In late September, Matušík's lawyers contacted Citibank International plc. and handed over legal documents about ST's creditors suing them for an absurd, yet real fine worth over 10,000 billion SK. A Citibank official who requested anonymity said that a Coopers & Lybrand audit of ST, provided in August when ST was negotiating the loan, did not include any information about ST debts.

"We certainly will pay attention to the outstanding litigation,'' theofficial said. "Everyone is taking a fresh look at it now."

He said Citibank will rely on the auditor's view on the possible impact of the litigation. The prospective syndicate loaners will get an "overall story on the credit of the company.''

Legit or not

Matušik's firm Harold Business Data Slovakia s.r.o. (HBD), signed a contract to have an exclusive right to print phone books for the ST customers back in 1990, which later was amended in 1992. A clause defining severe sanctions for the side that would not keep the deal, was added to the contract: fine of 500 SK per day, and the amount would quintuple every three months it wasn't paid.

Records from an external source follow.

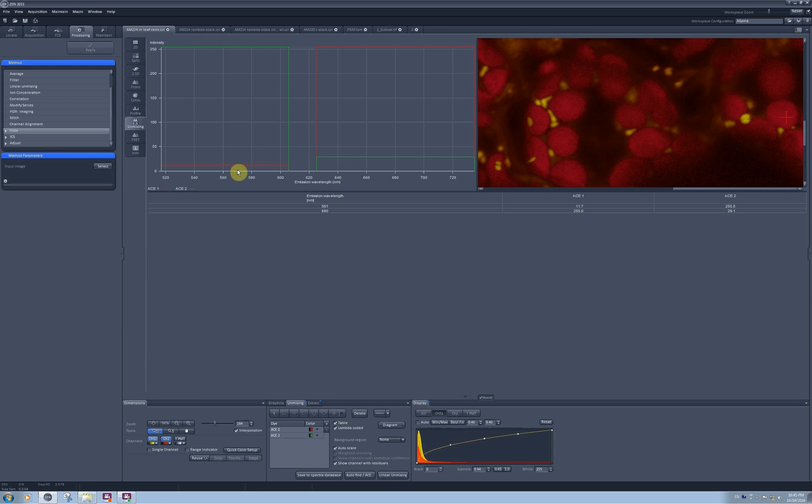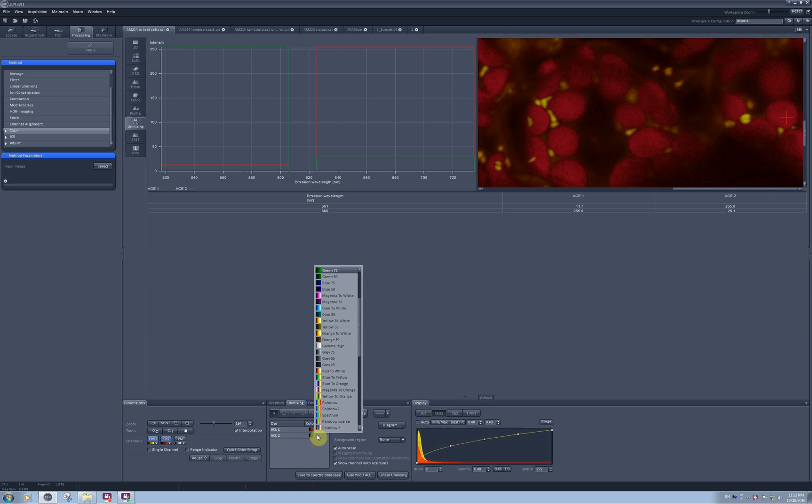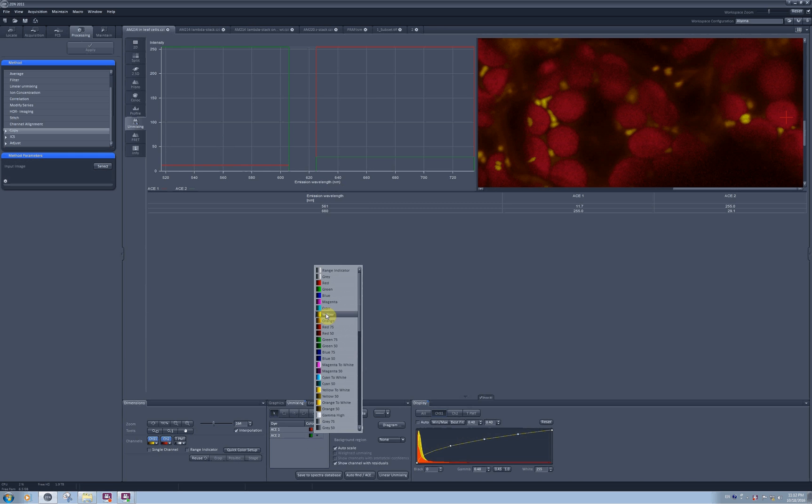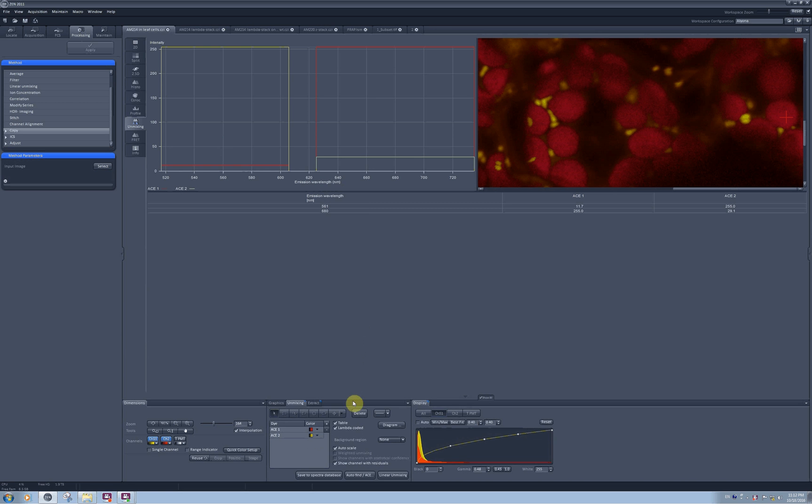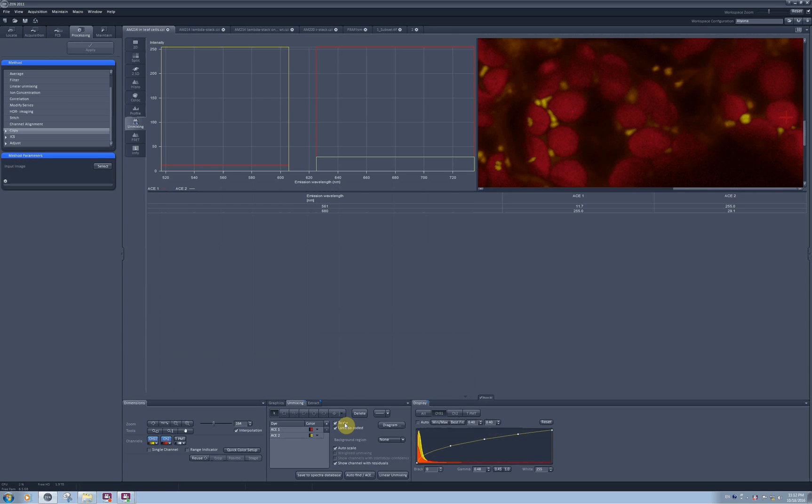The same is valid for the red channel. There are several different options here available, and the software automatically color codes the automatically extracted components 1 and 2 in red and green. Since I have YFP, I would like to keep it yellow, so I just can change it right here. You can select or deselect table to be shown to you or not.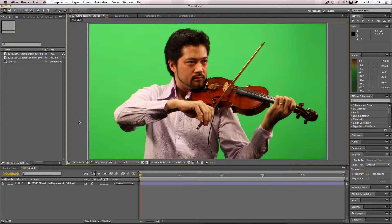In this quick tutorial I'm going to be showing you how to color key out a background in After Effects. I've got my example image here and I'm going to be keying out the green screen.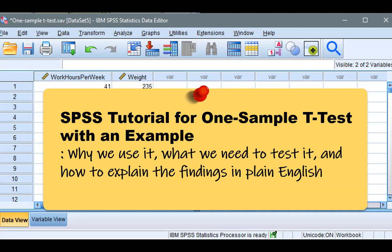Hi, I'm Dr. J from Modern Statistics. In this short video, I answer this question using a statistical technique called one-sample t-test in SPSS. I'll explain why we use it, what we need to test it, and interpret the results in ways that are easy to understand. Let's jump right in.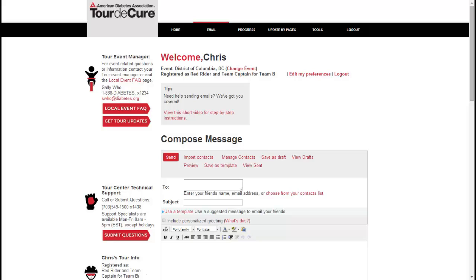First, you will need to determine to whom you're sending your email. If you've already entered your contacts, you can start typing their name into the To field and use the Tab option to bring in contacts as they are auto-completed.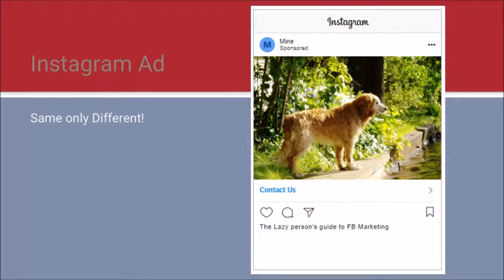If for the ad type we had gone past carousel and video, we could have selected an Instagram ad. I just redid this ad quickly as an Instagram ad, and once again you can see what it would look like. Now try your own!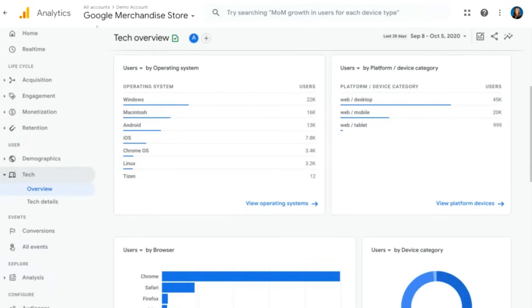You'll also see things like operating system, platform, device category, browser, and so on in this report. Again, these are things that you should be used to from Universal Analytics, but this is how they appear in Google Analytics 4.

Matušik says it was ST who introduced the clause, "probably to get us, if we didn't deliver the phone books on time.'' Ivica Kolesarova from ST's legal department was not sure, who was the actual author of the clause. However, it was Matušik, who decided to use the clause back in 1995, after ST stopped supplying him with data necessary to print the directories.

According to Matušik, ST deliberately violated the agreement. He said he tried to settle the matter in August with +++ Skultety, ST's lawyer, but Skultety declared the ST did not consider the original contract with the HBD valid, and therefore refused to pay attention to Matušik's complaints.

But Matušik insists that the contract was valid citing the fact that he created five phone books under the agreement. In the August 1994 edition of the Bratislava phone book ST division director Jozef Smatlak and Jan Benka, director of HBD signed thier names under this statement:

"This directory is a significant move of the publisher, introducing a new project of phone directory publishing in the Slovak Republic, that aims to provide the public with high quality information and media to advertise.''

Matušik claims he is not after the money. "I do not care to get the fine, I know currently it would be an absurd amount of money,'' he said on September 30. He said he would have been satisfied only if the people from the ST were just able to şşgo out and have a beer and settle the problem like normal people.''

"I just want to print phone books. I like this business,'' Matušik said.

Yet, in January 1996, when the alleged debt - then worth over 500 billion Sk - exceeded the equity capital of ST, the district court in Bratislava approved that ST should enter a special regime prior to the bankruptcy, which would mean a board of creditors would supervise and approve ST's activities until the debts were paid back.

Otherwise, the company would go bankrupt. ST ignored the court's decision, claiming the contract with Matušik's company was never valid.

In May, a district court in Bratislava ruled after a one day session, that HBD's contract with ST was invalid. Matušik appealed to the higher court and certain of his eventual victory "if the judge is good and respects the law."

New player

In April, Matušik sold 112 million of the ST debt to Jozef Majsky, one of the richest Slovak businessmen, who is far from friends with the current ruling coalition of Vladimír Mečiar. Majsky is bold about his plans - capitalizing on his assets, he wants to become a co-owner of the ST. However, for that, he would need an approval of the government, because ST is a state company. August 20, the government denied Majsky's request to start a bankruptcy procedure against ST.

And, to make sure Majsky and other (foreign) ST creditors could not cause any more trouble, the ruling coalition passed an amendment to the bankruptcy law, excluding all strategic state companies, including ST, from bankruptcy. Coalition deputies boldly admitted the move was to avoid Majsky's chances to become an ST co-owner.